## Task goal
Copy whichever lines of the data hold the word "Used".

::: Provided information :::

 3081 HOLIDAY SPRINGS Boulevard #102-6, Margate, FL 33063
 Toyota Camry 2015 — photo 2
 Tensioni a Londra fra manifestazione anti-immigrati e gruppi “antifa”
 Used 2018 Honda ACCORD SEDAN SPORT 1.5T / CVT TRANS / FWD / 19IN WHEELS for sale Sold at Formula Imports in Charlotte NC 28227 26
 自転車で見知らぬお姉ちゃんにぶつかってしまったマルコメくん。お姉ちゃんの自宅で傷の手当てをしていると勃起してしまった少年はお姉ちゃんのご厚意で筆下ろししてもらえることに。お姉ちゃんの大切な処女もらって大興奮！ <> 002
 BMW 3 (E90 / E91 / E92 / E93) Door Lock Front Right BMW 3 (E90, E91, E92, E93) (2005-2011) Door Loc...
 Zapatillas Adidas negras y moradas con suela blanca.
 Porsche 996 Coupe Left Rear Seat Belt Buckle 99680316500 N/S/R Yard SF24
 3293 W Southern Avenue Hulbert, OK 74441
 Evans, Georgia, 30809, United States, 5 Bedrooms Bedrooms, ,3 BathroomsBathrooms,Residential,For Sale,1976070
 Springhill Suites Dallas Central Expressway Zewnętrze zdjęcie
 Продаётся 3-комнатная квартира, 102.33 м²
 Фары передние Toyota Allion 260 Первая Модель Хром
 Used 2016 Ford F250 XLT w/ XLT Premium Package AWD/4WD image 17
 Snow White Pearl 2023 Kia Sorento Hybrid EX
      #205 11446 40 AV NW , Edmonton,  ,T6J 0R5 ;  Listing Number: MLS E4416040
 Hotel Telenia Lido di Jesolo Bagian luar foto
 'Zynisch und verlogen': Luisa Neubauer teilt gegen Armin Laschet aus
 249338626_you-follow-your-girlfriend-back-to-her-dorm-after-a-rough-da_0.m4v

:::

## Solution for this exercise
 Used 2018 Honda ACCORD SEDAN SPORT 1.5T / CVT TRANS / FWD / 19IN WHEELS for sale Sold at Formula Imports in Charlotte NC 28227 26
 Used 2016 Ford F250 XLT w/ XLT Premium Package AWD/4WD image 17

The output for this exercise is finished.